Sunday, November 24, 2019

Epistemic Crises on the Run

I ignored an inner voice of conscience today. Prepping to run around the lake today (about four miles, which has been my plateau/limit for a while), I was trying to choose between things to listen to. I could continue the "Christmas Present" playlist I've been using for running workouts. Or I could hear the latest episode of On the Media, which promised a dire report on the "epistemic crisis" we face.

My inner voice groaned at the thought of the media show. Don't you know pretty much everything they'll say already? Do you really need this hit to your sense of hope and well-being? Can't we just enjoy some more Christmas music?

I chose the show, ignoring my inner voice.

And yeah, it's depressing. The episode's title says it all: "The Disagreement is the Point." The first segment, featuring Vox writer David Roberts hits a lot of the points I've been making about the impeachment hearings. It seems obvious to me and to many within the "legacy media" (neat term, better than "mainstream media," perhaps) that Trump has done exactly what he's been accused of. Heck, he and his staff have admitted it, reveled in it.

Every witness, even those that were expected to be amiable to the President, supported the same story: Trump, via Giuliani, was pursuing his on shadow diplomacy and intelligence-gathering with and in Ukraine, efforts that had as their goal not national interests but Trump's personal need to embarrass his political enemies. He delayed military aid approved by Congress to Ukraine with the understanding that this would pressure Ukraine into opening investigations into the Bidens and into (again, multiply debunked conspiracy theories about) Democratic servers. He only ended the delay and (in a call with Sondland) cried "no quid pro quo" when it became clear that the gig was up.

I find it necessary to reiterate this narrative, even if only for myself, because it seems like the facts involved just aren't apparent to everyone.
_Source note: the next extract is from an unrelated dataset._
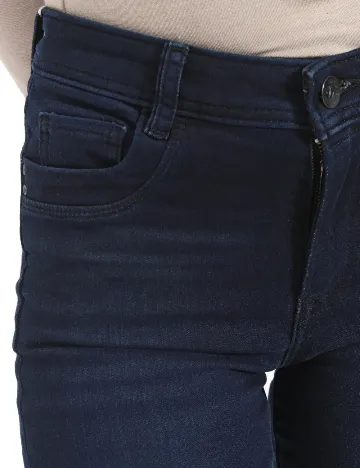 Blugi C&A, bleumarin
The GOP response has been largely one of obfuscation, throwing up disinformational chaff in the form of multiple (and multiply debunked) conspiracy theories about how Ukraine, not Russia, was behind the 2016 election meddling. Or that Joe Biden, not Trump, is the person who really deserves investigation (amazing how this became a pressing issue only as Biden emerges as a front-runner in the Democratic presidential primaries).

The problem here, Roberts stresses in the On the Media interview, isn't that Republicans make different conclusions based on the facts. It's that they operate from a completely different basis, a Trumpian basis, for what kinds of information should be valued. The show quotes Rep. Devin Nunes crowing that the impeachment hearings are a failure for Democrats because their ratings aren't very high. In any sane world, Roberts notes, the question of how entertaining an investigation like this would be ridiculous. Are these facts true? Did the President and the President's operatives do these things, and why?
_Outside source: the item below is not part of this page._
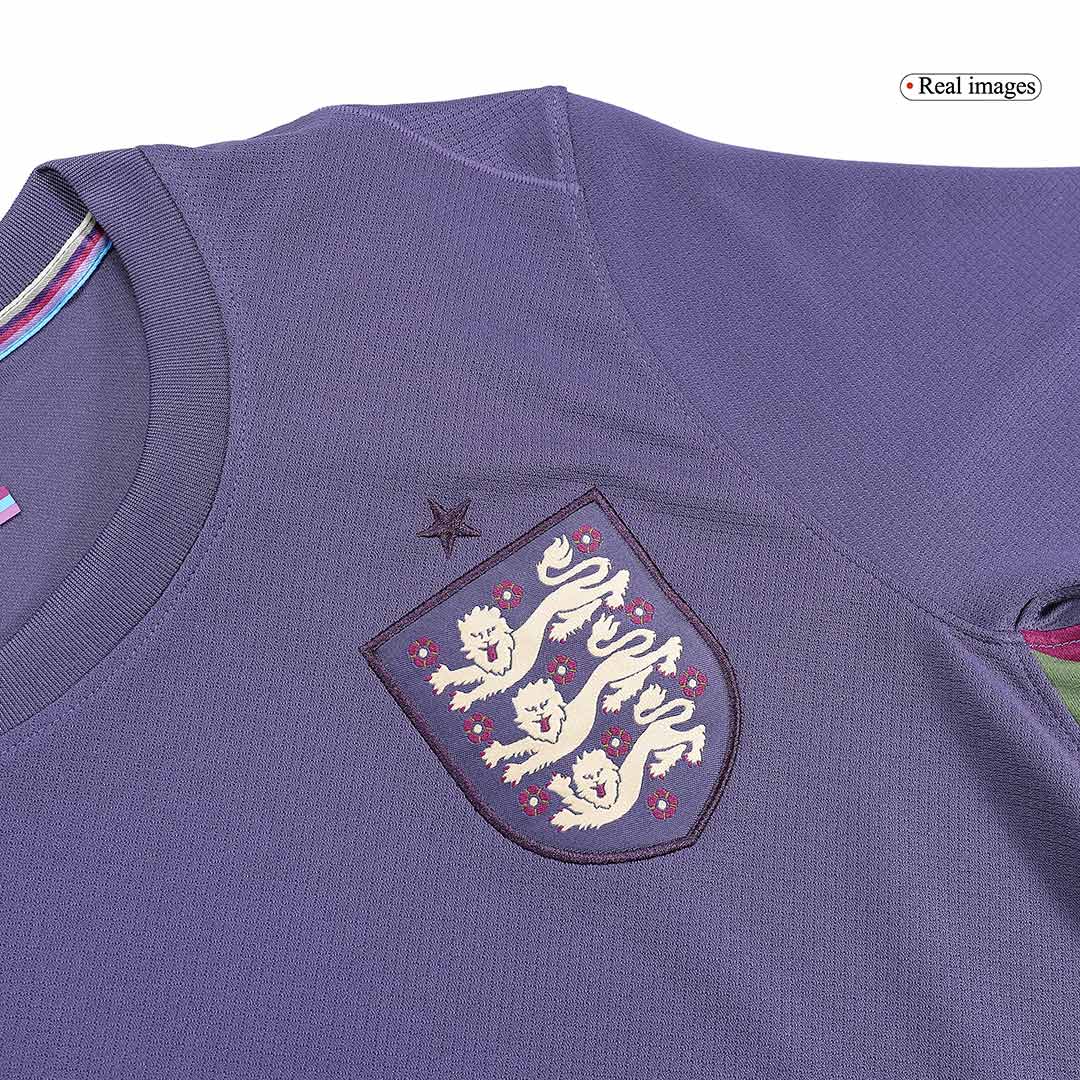 England Away Jersey 2024 Euro Cup Jersey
But whether an allegation is true seems to have taken a back seat to the question of whether an allegation is damaging to my team. It's a "tribal epistemology," says Roberts. We decide ahead of time which side we're on and then represent or evaluate facts on that basis.

The Republicans don't have facts on their side here (as even many conservative writers not supporting impeachment concede). The best they can do, then, is make the process of fact-finding seem boring, overly complex, or purely partisan. They want people who aren't especially engaged with the facts of this case to dismiss the entire thing as Democratic pique. They want people to get angry at and tired of the process, the very question of whether Trump did something wrong.

And it looks like they might be succeeding.

Senator John Kennedy (Louisiana, alas), this morning asserted that "no one can know" for sure who was behind the 2016 election interference. It's the "you can't prove it's not [Ukraine]" defense beloved of people arguing for indefensible positions.

My question, aside from how to sustain some kind of hope amidst this epistemic divide, is whether I reach out to my representatives, of whom Kennedy is one. Is it worthwhile to call and leave a message? Is there any chance whatsoever that they'd listen?

Would I be "entertaining" enough to be heard?